# How to determine view for an inbound RCI exchange to DVC?



## bizaro86 (Aug 10, 2021)

I have a DVC exchange on hold for Animal Kingdom for next January via RCI. We are a bit on the fence about it, as it isn't an especially convenient time for my wife's work. However, I know that a Savanah view would probably tip the scales, as our two boys love animals and would go crazy if they could see them off the balcony. 

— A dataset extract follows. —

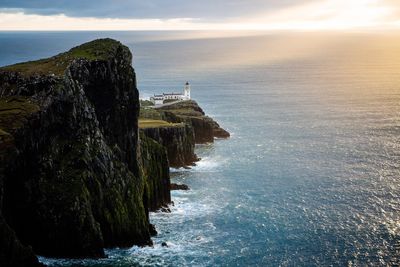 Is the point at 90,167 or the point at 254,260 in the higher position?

Is there any way for me to determine the view prior to accepting the exchange? We have never done DVC - I believe you can call member services after the exchange is confirmed to add names for park "perks" and to determine room type, but I'm hoping to figure that out prior to accepting the exchange (on hold after an OGS match). There are some posts referencing a "code" that you can check somehow, but they were old and I couldn't figure out the details. Is that still possible to do?


----------



## nomoretslt (Aug 10, 2021)

I’m not sure how exchanges work, but would be surprised if you got a savannah view.  They require a lot more points than standard view (in the DVC system).  That being said, I’ve stayed there with both views.  Was disappointed with our savanna view...I’m an early riser and like to sit with coffee on my balcony.  Animals didn’t come out that early.....apparently they all get checked by the vet first.  There are many places to see animals throughout the day from different public areas around the resort.  We also once had a standard view in Jambo and it had great views of the savanna.  Kidani is the main DVC section.  It has a fun pool, a great gym, one of the best community halls on property.  Kind of inconvenient to get to the parks unless you have a car.  And quick service food is over at Jambo.  But overall it’s a great place.  They also did a campfire and storytelling and also night vision goggles to see animals at night....but that may have changed due to....Covid.  If it’s not a great time to go due to work schedules, then it’s a tough call.  Do these types of rooms come up often for exchange?


----------



## alwysonvac (Aug 10, 2021)

On the DVC sticky thread in the Sightings Forum, folks have been reporting that they have received savanna view.
Folks are saying to wait approx 10 days for DVC_ (to receive and process the RCI confirmation)_ and then call DVC to get _their_ confirmation number and ask.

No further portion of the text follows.